Voters approved a 1-percent income tax in 2002 expected to generate about $1.2 million per year. Posey has said, however, that it takes about two full years of collecting the tax before the full anticipated amount of the revenue is received.
State officials overestimated the tax revenue to be generated, and the school board repealed some property tax collection since voters approved the income tax.
The board repealed a 6-mill emergency operating levy that otherwise would have been in place through 2003, and reduced the 2003 property tax collections by 7.6 mills.
Planning to restructure
Posey said some restructuring of positions will be part of the negotiations between the board and the teachers union, the Columbiana Education Association and the Columbiana Local Association of School Support. The contracts for both unions expire June 30.
The board hopes to hire a superintendent by June 1, so negotiations will be one of the first duties of the new superintendent, Posey said.
The superintendent will also determine possible restructuring of administrative positions to cover the duties of the elementary principal.
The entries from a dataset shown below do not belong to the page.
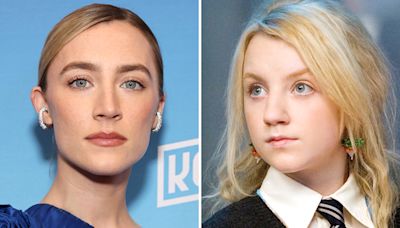 Saoirse Ronan Says Losing Luna Lovegood Role in ‘Harry Potter’ Has ‘Stayed With Me Over the Years’: ‘I Was...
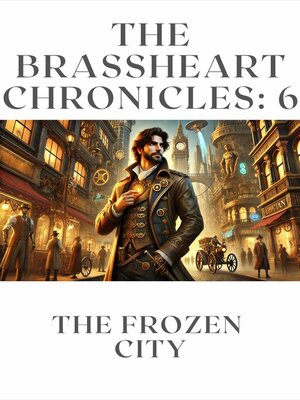 cover image of The Frozen City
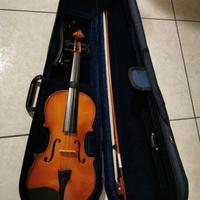Violino 4/4 con custodia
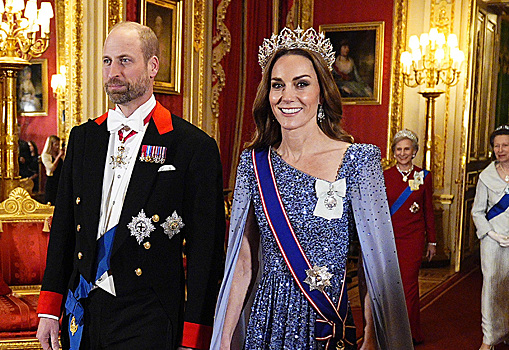 Кейт Миддлтон и принц Уильям погрязли в скандалах из-за другого мужчины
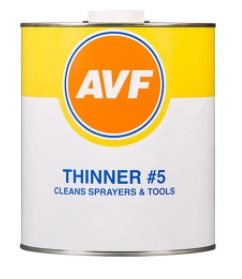 AVF Thinner.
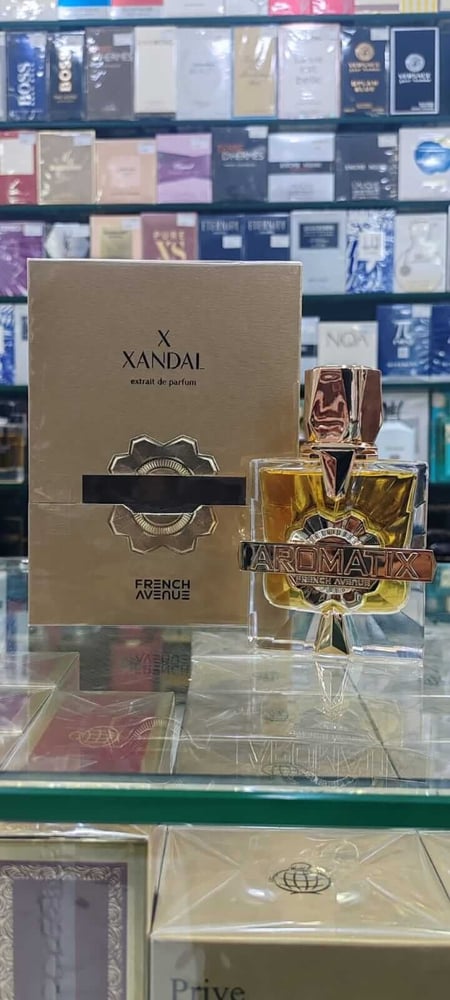 عطر اروماتيكس اكس زاندال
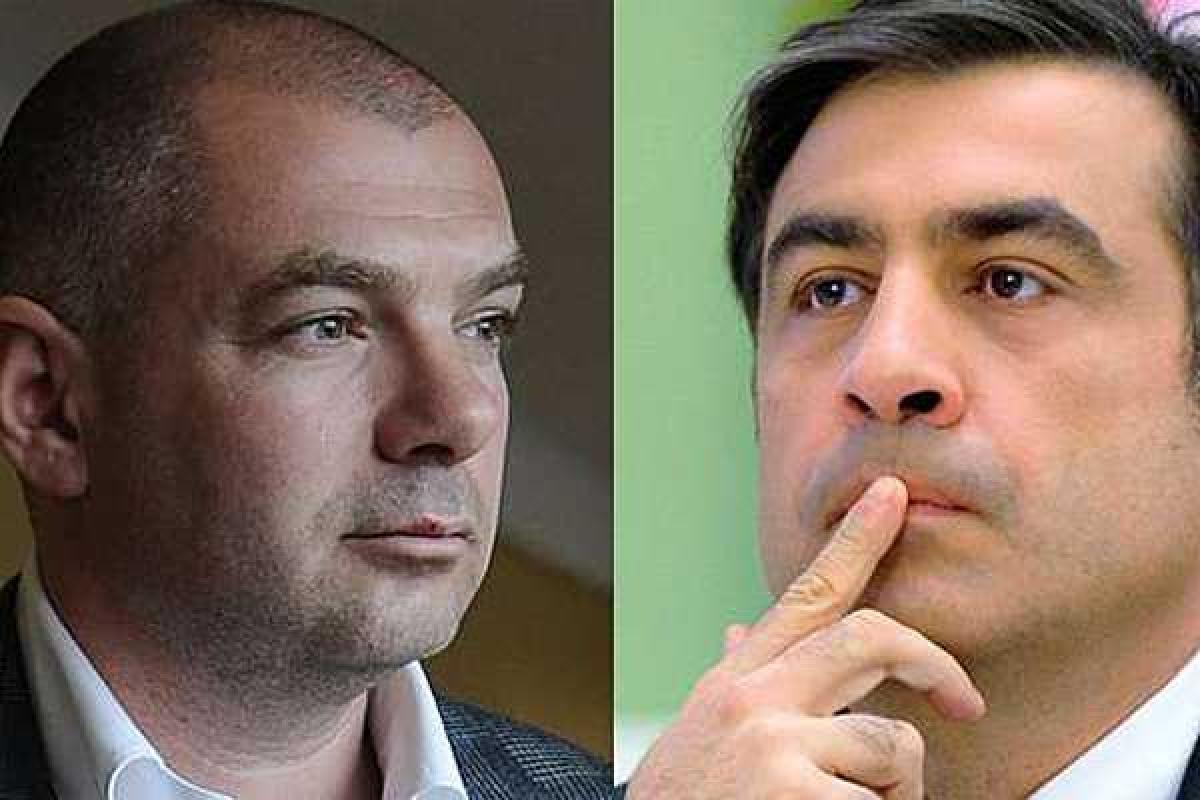 Палица обвинил Михаила Саакашвили в том, что он нарушает законы и занимается самопиаром Палица обвинил Михаила Саакашвили в том, что он нарушает законы и занимается самопиаром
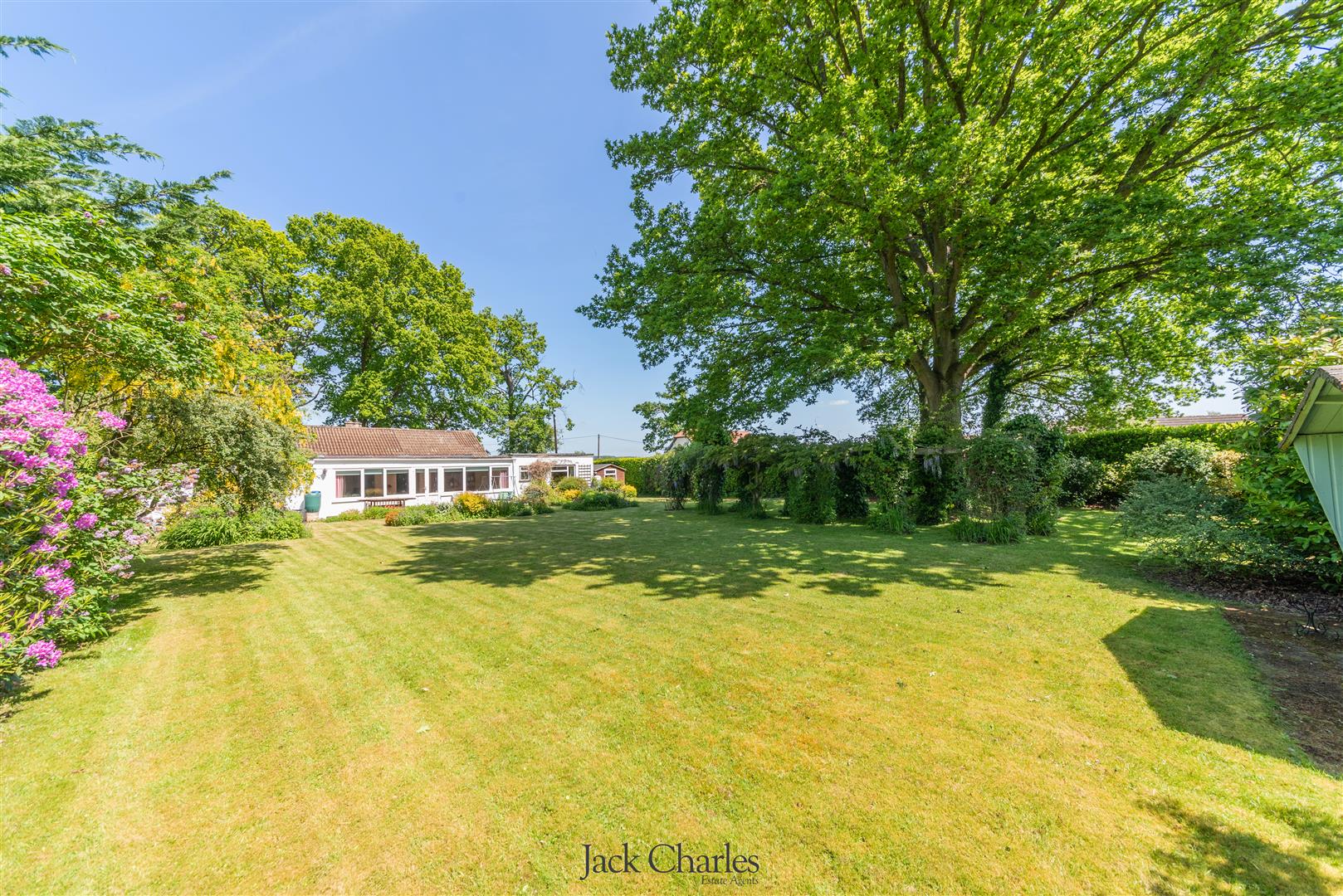 Ashes Lane, Hadlow, Tonbridge - Jack Charles Estate Agents Tonbridge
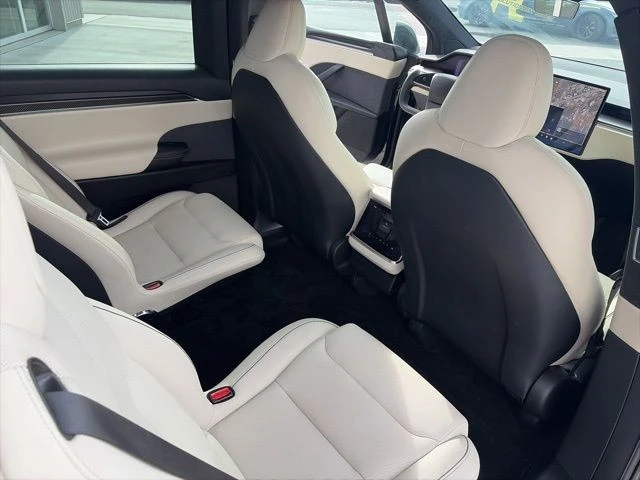 2022 Tesla Model X Plaid - Image 20 of 21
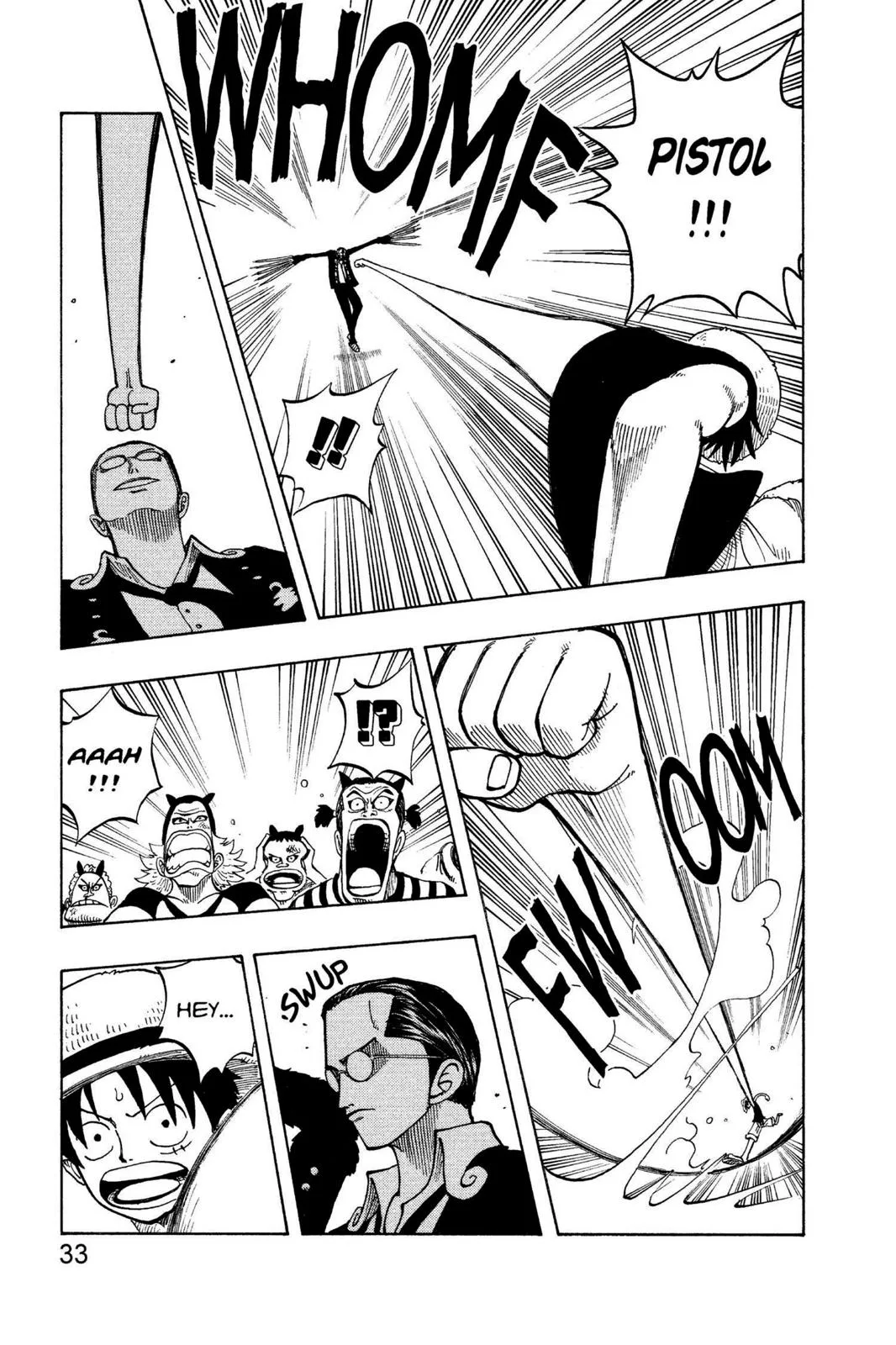 One Piece - Chapter 37 - Page 5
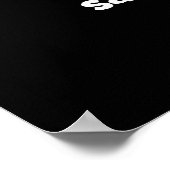 Poster Nos règles de famille (Coin)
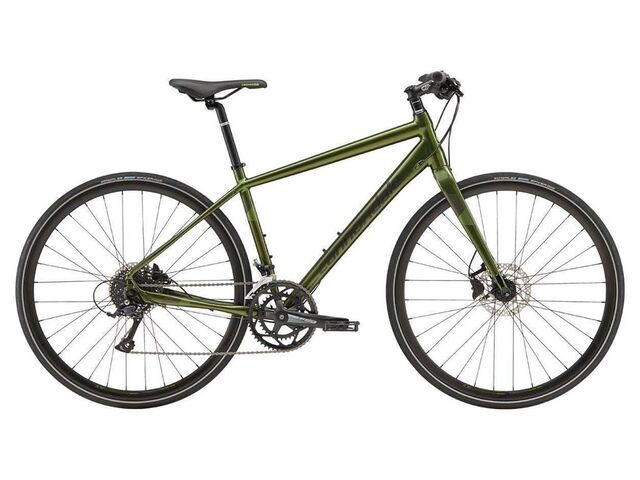 Cannondale Quick Disc 3 2019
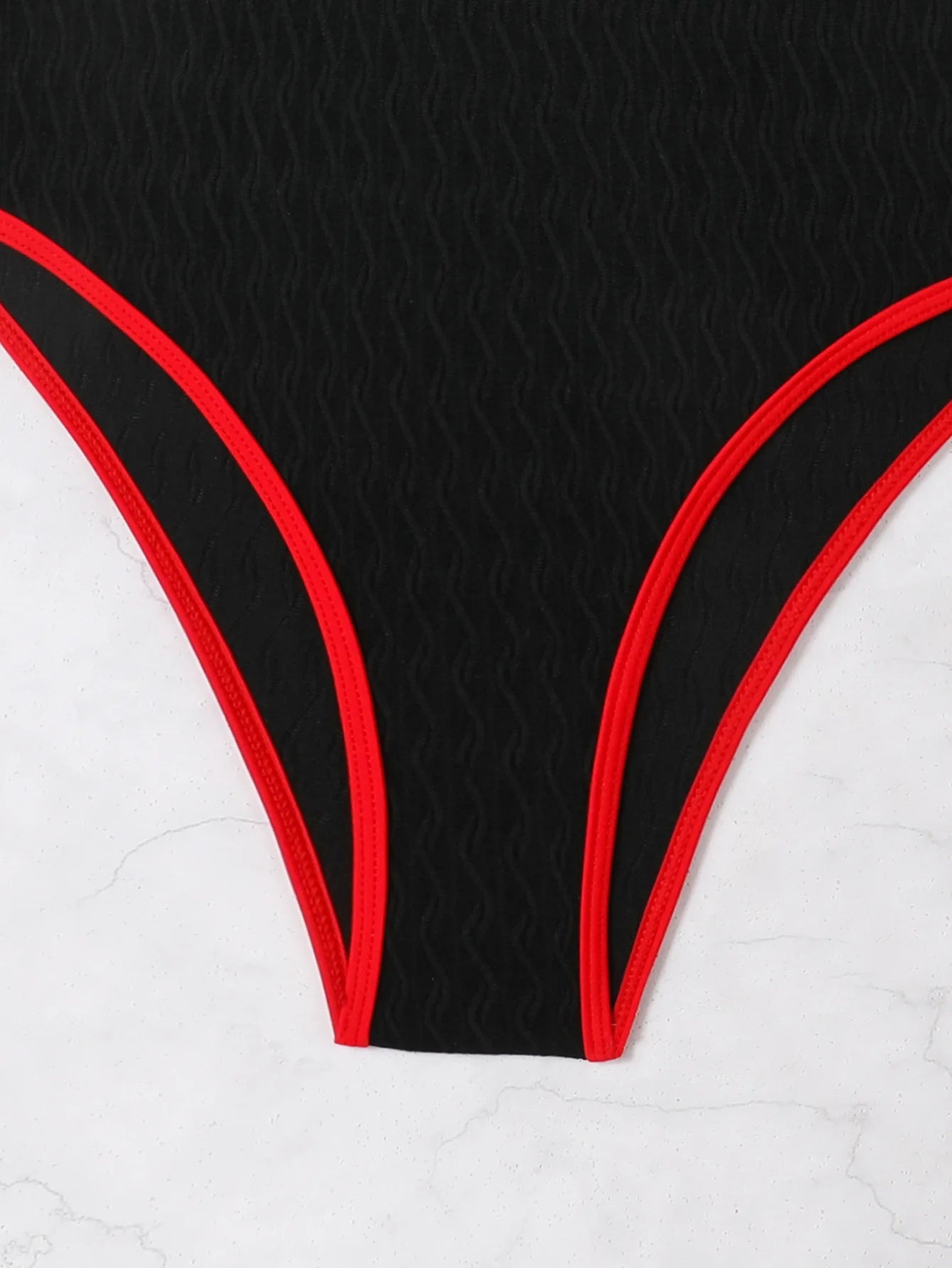 Solid Strapped Swimwear Women Push Up One Piece Swimsuit Monokini Backless High Cut Summer Bathing Suit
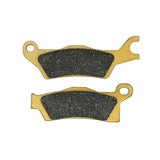 Can-Am Outlander 1000/850/650/450 6x6 2015-2026 4 Wheel Ceramic Brake Pad Set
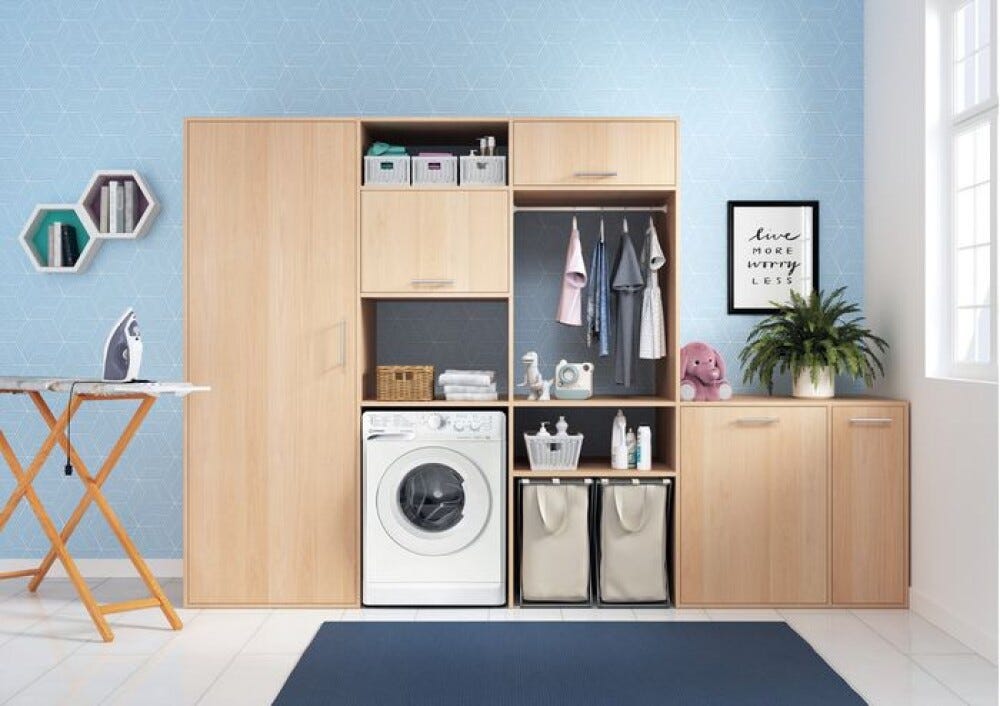 Indesit MTWC71296WIT Lavatrice cm. 60 - capacità 7 kg - bianco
An elementary principal could also be the special-education coordinator, for example, or the board could opt to hire an assistant principal and have a principal responsible for more than one building, she said.
Also on tonight's agenda is a recommendation for the board to approve $72,280 in service from the Columbiana County Educational Service Center for 2004-05. Posey said the money will pay for the services of a school psychologist, speech pathologist, a technology consultant two days per week and a supervisor of programming for gifted pupils.
Posey said the county educational service center provides the services for far less than the district would have to pay for separate contracts.